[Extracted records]
◆ ◆ ◆
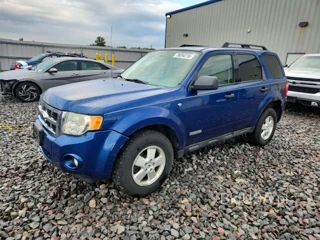 FORD ESCAPE XLT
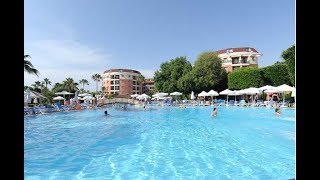 Hotel Palmeras Beach  Alanya  Turkey [upl. by Peggi]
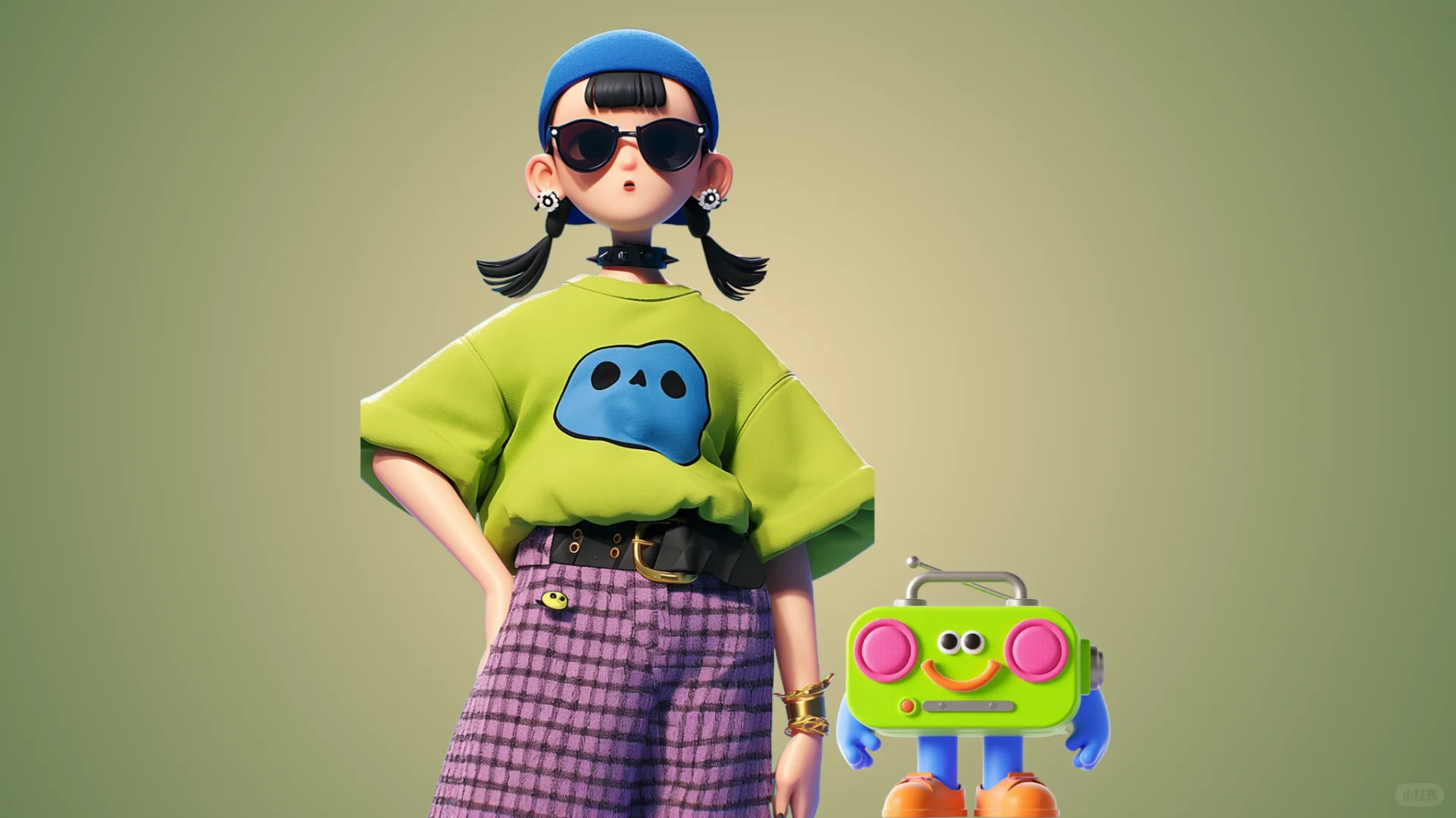 电脑锁屏桌面套图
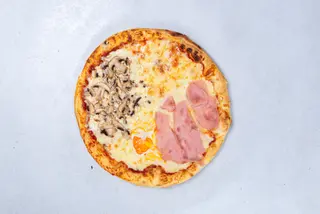 Pizza quattro stagioni 28cm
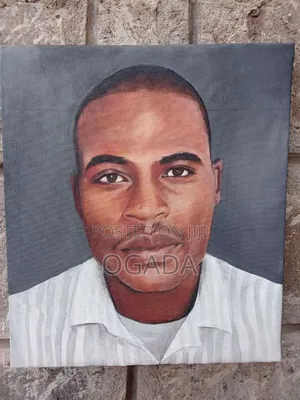 Portrait Painting/Gift/Art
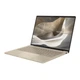 Ноутбук Asus Zenbook A14 (UX3407NA-QD283W), Qualcomm Snapdragon X2 Elite X2E-88-100 / 14″ / OLED / RAM 16 ГБ LPDDR5X / SSD 1 ТБ / Qualcomm Adreno / Windows 11 Home / Бежевий - зображення 3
◆ ◆ ◆
ABOUT THIS EXERCISE -
Extract all the entries word for word; omit any pictures.

RESPONSE TO THE TASK -
 FORD ESCAPE XLT
 Hotel Palmeras Beach  Alanya  Turkey [upl. by Peggi]
 电脑锁屏桌面套图
 Pizza quattro stagioni 28cm
 Portrait Painting/Gift/Art
 Ноутбук Asus Zenbook A14 (UX3407NA-QD283W), Qualcomm Snapdragon X2 Elite X2E-88-100 / 14″ / OLED / RAM 16 ГБ LPDDR5X / SSD 1 ТБ / Qualcomm Adreno / Windows 11 Home / Бежевий - зображення 3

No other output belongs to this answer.